Be Judicious About Taking on Debt
Much of the talk about a possible bubble in the housing market has centered around interest-only loans, which have enabled some real estate buyers to take on more debt than they might otherwise be able to afford. Such loans carry significant risks, however. For one thing, these loans usually carry adjustable interest rates, which would jack up the borrower's payments if rates were to rise. In addition, once the "interest-only" period is over, buyers who can't afford the principal payments could be forced to sell their properties at a loss. Thus, you're really doubling your bet that interest rates will stay low enough to prop up the housing market and that your income will grow to the point where you can afford your mortgage.

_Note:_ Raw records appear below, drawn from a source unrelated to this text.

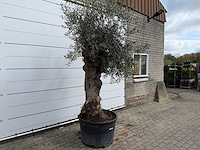 Olijfboom bonsai xl - olea europaea - ca. 50 jaar oud - hoogte ca. 250 cm - afbeelding 5 van  7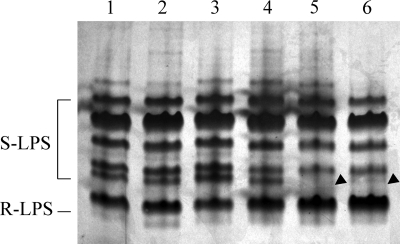 FIGURE 4.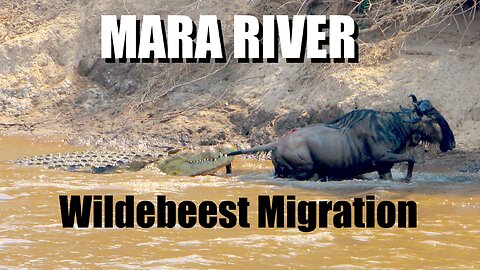 Crocodile vs WildeBeest in Mara River Crossing | The Great Migration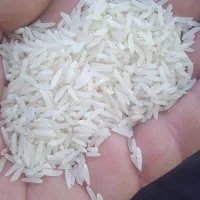 برنج فجر سوزنی ۱۲۰ روزه درجه ۱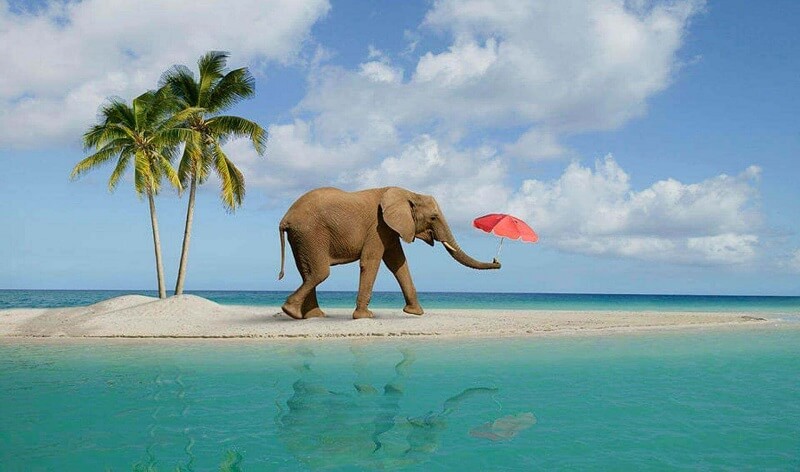Elephant Beach, Havelock Island, Andaman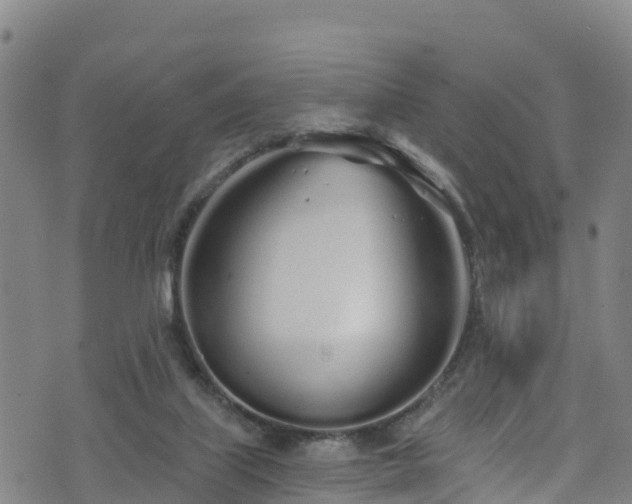 X0000070880067200606231353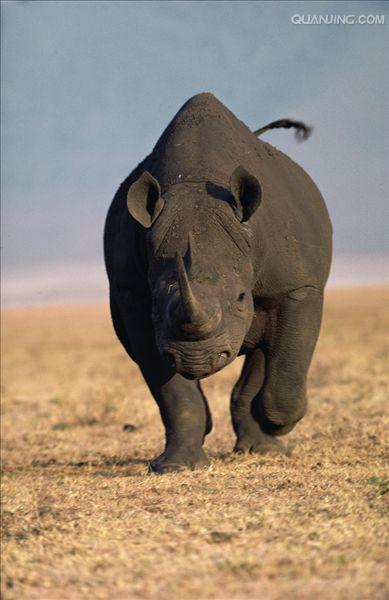 hook-lipped rhinoceros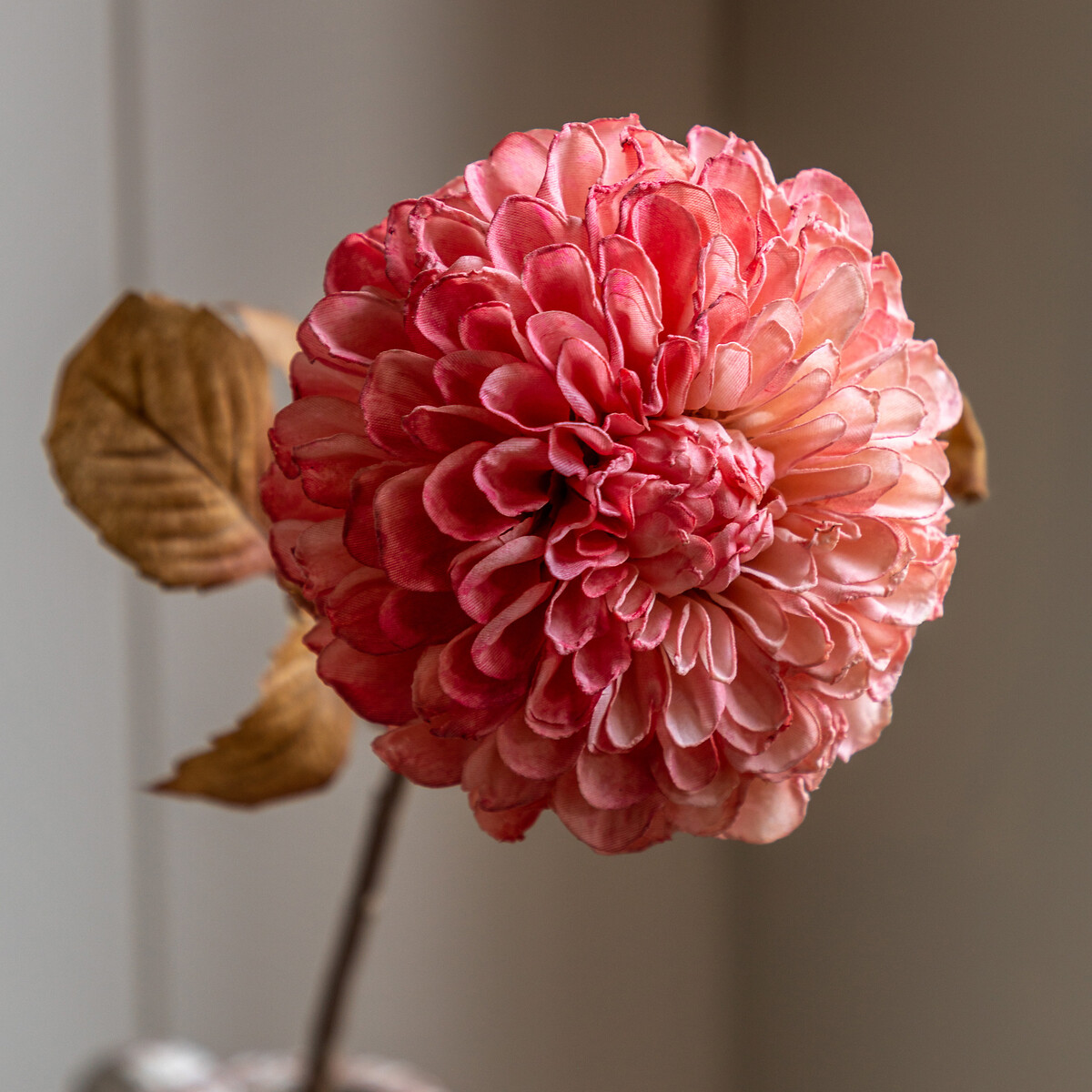 6pk 73cm Dahlia Faux Stems, ÉDITÉ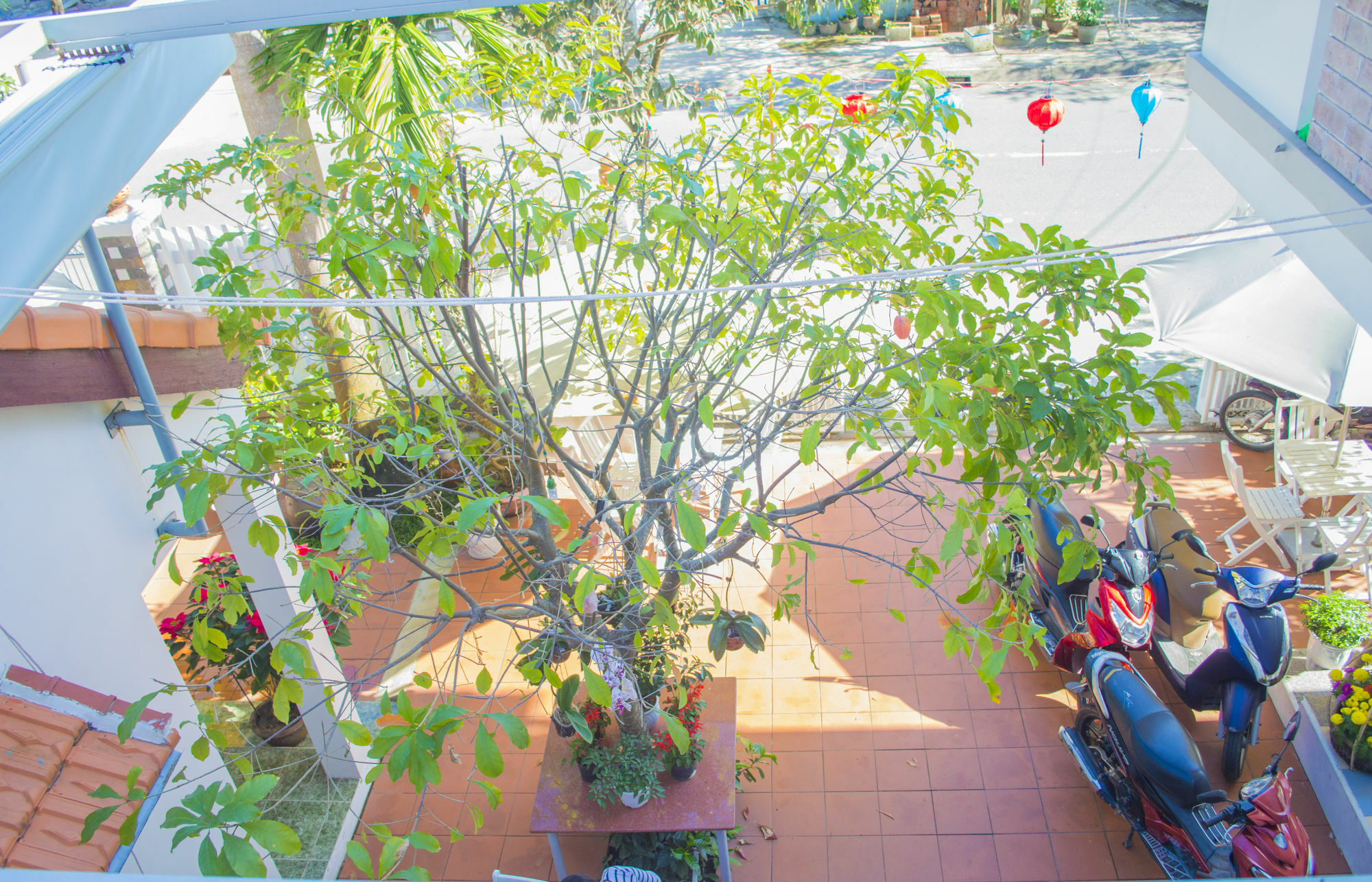 הוי אן Halo Homestay מראה חיצוני תמונה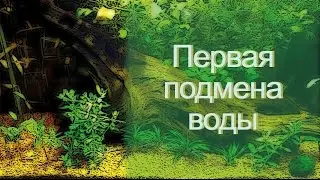 Аквариумные будни. Первая подмена воды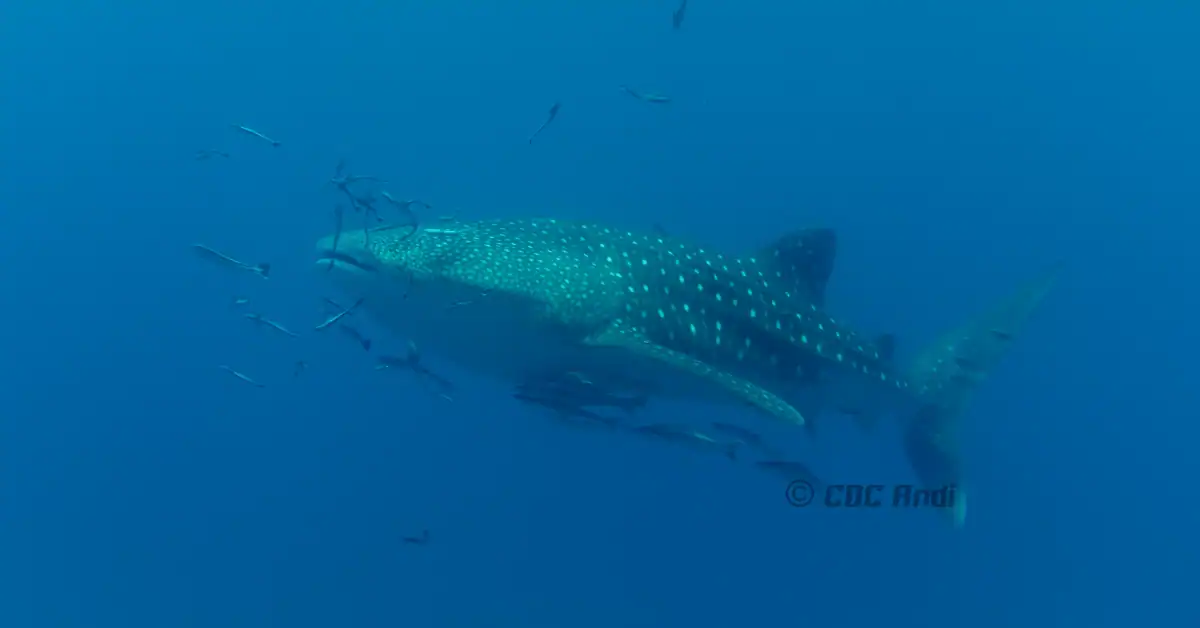 A majestic whale shark swimming along the reef at Hin Luk Bat off Koh Chang.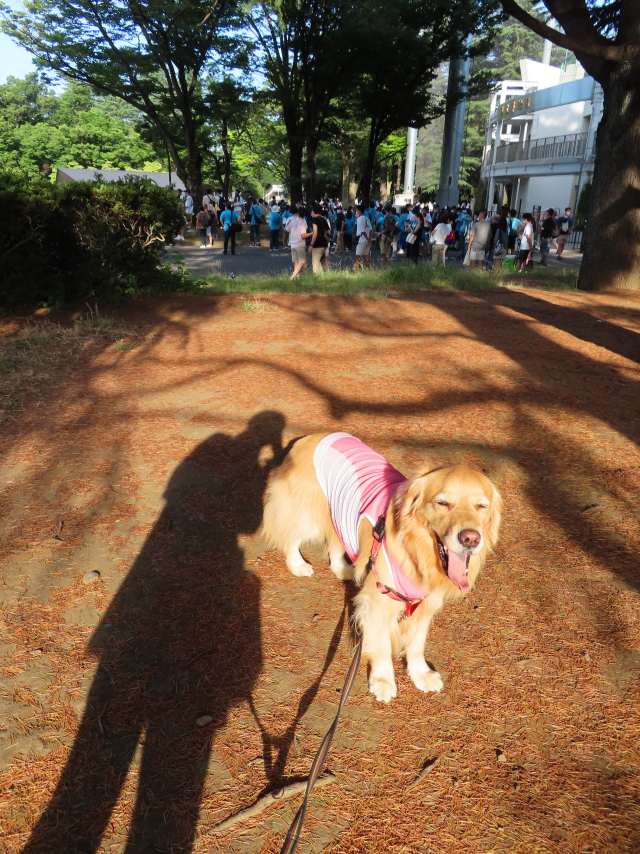 ファイル 8371-4.jpg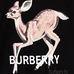 6Burberry Unisex Fashion T-shirts #24996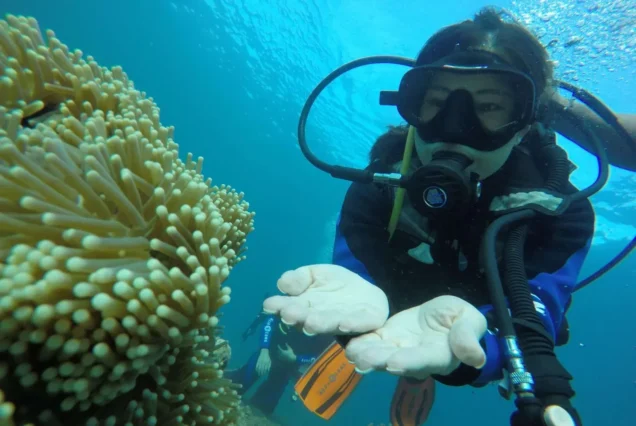 Scuba Diving - hightlight of Scuba Diving in Dauin, Negros Oriental Island.
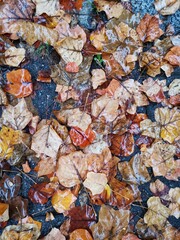 autumn leaves background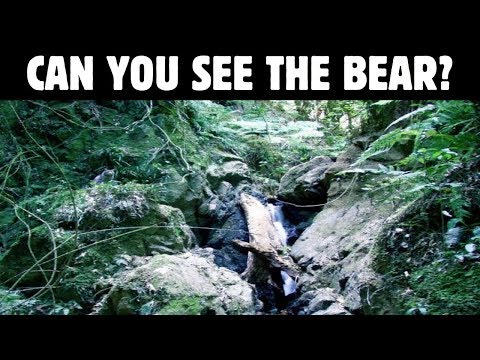 Nobody Can See All The Hidden Animals । Optical Illusions । Brain Teasers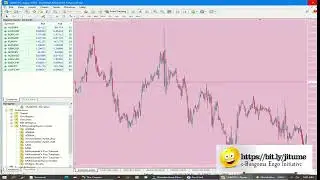 Unlocking Advanced Forex Trading Strategies: MetaTrader 4 Programming and Optimization Techniques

Even if you're not speculating with exotic mortgages, it's still a good time to be judicious about taking on any mortgage-related debt. Soaring home prices mean that even those who have lived in their homes for a short period of time have built up a healthy amount of equity that banks are all too willing to let you tap into. Do so with care, however. Yes, home-equity loans and lines of credit can be a decent way to finance necessary purchases or to make improvements that put your home in line with others in your neighborhood, as the interest from these loans is tax-deductible. But real estate prices have already enjoyed a big runup, meaning that appreciation in your home's value won't always offset your borrowing costs. Meanwhile, many market watchers argue that investors will be lucky to see single-digit stock- and bond-market returns in the coming decade. Against such a backdrop, it's tough to call any debt "good debt."